Train a TF-IDF Model (for Training Phase)
Description
Train a TF-IDF model with customizable tokenization and vocabulary pruning.
Usage
train_tfidf_model(
preprocessed_text,
max_features = 10000,
min_df = 2,
max_df = 0.8
)
Arguments
preprocessed_text |
A character vector containing the preprocessed text. |
max_features |
The maximum number of features (terms) to include in the vocabulary. Default is 10000. |
min_df |
Minimum document frequency for terms. Default is 2 (terms must appear in at least 2 documents). |
max_df |
Maximum document frequency as a proportion of documents. Default is 0.8 (terms must appear in less than 80% of documents). |
Details
This function performs the following steps:
1. Tokenizes the preprocessed text into words and removes stopwords. 2. Defines custom stopwords and retains important emotional function words. 3. Creates a vocabulary based on unigrams and trigrams, pruning terms based on document frequency and term count. 4. Builds the TF-IDF sparse matrix for the input text.
Value
A list with the following components:
- tfidf_model
The trained TF-IDF model object.
- vectorizer
The vocabulary vectorizer used in training.
- tfidf_matrix
The TF-IDF sparse matrix representing the text data.
Examples
preprocessed_text <- c("I'm feeling so happy today!", "I feel really excited and hopeful!")
result <- train_tfidf_model(preprocessed_text)
result$tfidf_model # Access the trained TF-IDF model
Tune Random Forest Model Hyperparameters
Description
This function performs hyperparameter tuning for a Random Forest model using grid search.
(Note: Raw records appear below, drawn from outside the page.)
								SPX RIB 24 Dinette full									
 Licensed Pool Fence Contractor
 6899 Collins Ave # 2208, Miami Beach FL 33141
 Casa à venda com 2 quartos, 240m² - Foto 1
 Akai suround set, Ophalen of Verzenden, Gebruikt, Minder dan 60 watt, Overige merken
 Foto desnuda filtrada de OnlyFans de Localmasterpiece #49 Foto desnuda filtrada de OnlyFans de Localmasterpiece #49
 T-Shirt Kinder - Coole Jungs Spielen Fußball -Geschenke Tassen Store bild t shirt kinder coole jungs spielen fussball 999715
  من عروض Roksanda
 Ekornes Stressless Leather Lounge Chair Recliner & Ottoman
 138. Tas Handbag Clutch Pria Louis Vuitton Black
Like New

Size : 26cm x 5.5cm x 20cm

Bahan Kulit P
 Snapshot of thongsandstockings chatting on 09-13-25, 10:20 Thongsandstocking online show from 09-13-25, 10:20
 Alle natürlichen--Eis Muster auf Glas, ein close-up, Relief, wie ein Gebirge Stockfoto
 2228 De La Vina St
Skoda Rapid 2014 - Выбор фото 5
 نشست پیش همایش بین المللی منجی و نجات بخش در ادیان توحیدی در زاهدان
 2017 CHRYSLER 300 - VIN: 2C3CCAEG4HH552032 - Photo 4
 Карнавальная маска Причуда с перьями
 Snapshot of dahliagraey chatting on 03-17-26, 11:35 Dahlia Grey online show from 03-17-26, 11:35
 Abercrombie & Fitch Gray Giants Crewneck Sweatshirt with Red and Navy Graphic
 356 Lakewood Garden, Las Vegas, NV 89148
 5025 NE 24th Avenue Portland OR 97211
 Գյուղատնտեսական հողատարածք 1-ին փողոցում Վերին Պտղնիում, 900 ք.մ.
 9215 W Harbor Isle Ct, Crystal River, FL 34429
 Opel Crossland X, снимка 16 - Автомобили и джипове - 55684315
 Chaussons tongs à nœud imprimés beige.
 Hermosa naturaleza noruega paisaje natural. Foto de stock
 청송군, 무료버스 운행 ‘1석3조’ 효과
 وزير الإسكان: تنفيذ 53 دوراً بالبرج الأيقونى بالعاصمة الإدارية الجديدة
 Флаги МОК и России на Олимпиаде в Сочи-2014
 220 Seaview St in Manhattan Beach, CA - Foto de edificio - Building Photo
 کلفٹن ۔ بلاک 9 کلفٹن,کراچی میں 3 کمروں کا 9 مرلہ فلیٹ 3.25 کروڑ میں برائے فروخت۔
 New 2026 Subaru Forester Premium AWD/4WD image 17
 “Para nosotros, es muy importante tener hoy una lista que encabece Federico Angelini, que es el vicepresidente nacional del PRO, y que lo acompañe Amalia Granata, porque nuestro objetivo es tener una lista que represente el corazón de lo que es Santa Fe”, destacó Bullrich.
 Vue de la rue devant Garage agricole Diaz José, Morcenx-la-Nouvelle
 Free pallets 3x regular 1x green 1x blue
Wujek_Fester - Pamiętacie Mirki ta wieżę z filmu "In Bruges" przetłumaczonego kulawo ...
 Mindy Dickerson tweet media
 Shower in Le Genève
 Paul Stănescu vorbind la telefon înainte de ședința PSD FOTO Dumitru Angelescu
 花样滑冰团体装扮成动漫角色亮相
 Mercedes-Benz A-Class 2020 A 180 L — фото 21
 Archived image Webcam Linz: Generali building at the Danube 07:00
It searches over the grid of 'mtry' (number of variables to consider at each split) and 'ntree' (number of trees in the forest) to find the best model based on training accuracy.
Usage
tune_rf_model(
train_matrix,
train_labels,
mtry_grid = c(5, 10, 20),
ntree_grid = c(100, 200, 300),
seed = 123,
verbose = TRUE
)
Arguments
train_matrix |
A sparse matrix (class 'dgCMatrix') representing the training feature data. |
train_labels |
A factor vector representing the training labels. |
mtry_grid |
A vector of values to search for the 'mtry' parameter (number of variables to consider at each split). Default is 'c(5, 10, 20)'. |
ntree_grid |
A vector of values to search for the 'ntree' parameter (number of trees in the forest). Default is 'c(100, 200, 300)'. |
seed |
A seed value for reproducibility. Default is '123'. |
verbose |
A logical indicating whether to print progress information during the grid search. Default is 'TRUE'. |
Details
The function trains multiple Random Forest models using different combinations of 'mtry' and 'ntree' values, and evaluates their performance based on training accuracy. The hyperparameters that give the highest accuracy are returned as the best parameters. The process uses the 'ranger' package for training the Random Forest model.
Value
A list containing the best hyperparameters ('mtry', 'ntree', and 'accuracy'):
'mtry': The best number of variables to consider at each split.
'ntree': The best number of trees in the forest.
'accuracy': The accuracy achieved by the model with the best hyperparameters.